The mission of the Zabul Agribusiness Development Team, comprised of Soldiers from the Mississippi Army National Guard, is to work with the Afghan populace on an array of agricultural topics; particularly, water management, soil conservation and animal health.
One of the key elements of the workshop was to address problems with the local karez, which is a type of subterranean irrigation system.
"The problem is that many villages have not worked to maintain the karez and keep them cleaned out," said Charles Ruffner, Ph.D., a forest ecologist from Southern Illinois University, working with the ADT as a Department of Defense agribusiness specialist.
This negligence, he said, has allowed sediment to clog the channels and many animals to make their home within the karez, which contaminates the water. Those problems have dammed many of the karez in Zabul province.
Water in arid Afghanistan is very important. In fact, the fear of crops dying from drought has led to the rise of another problem - over-watering.
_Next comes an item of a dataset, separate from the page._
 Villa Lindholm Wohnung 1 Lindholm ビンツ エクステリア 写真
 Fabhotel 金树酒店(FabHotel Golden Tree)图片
Many farmers believe their watering systems leave gardens inadequately irrigated when the reality is that they are over-watering their gardens, sometimes using double the water needed. Ruffner explained that over-watering leads their gardens to have a much lower production and can wash away vital minerals in the soil.
Erosion control is as important as properly managing the available water, Ruffner said.
"Anywhere that you have water flowing downhill you should be building check dams," he said.
Ruffner explained that check dams are an easy, inexpensive solution to many erosion problems.
"The idea for a check dam is to have many of them so the water can move through them but it slows it down, takes the energy out and reduces the amount of force the water has," he said.
Ruffner brought the Afghans outside after the class to perform a simple test, known as the soil ribbon test, to evaluate different types of soil. This test consisted of kneading the soil in the hand and forming it into a ribbon-like form to determine whether its primary content is sand or clay. The farmers were quick to perform the test for themselves.
The ADT also evaluated the needs of the farmers to tailor the upcoming workshops to their needs. The next session will be how to properly set up a garden and irrigation system.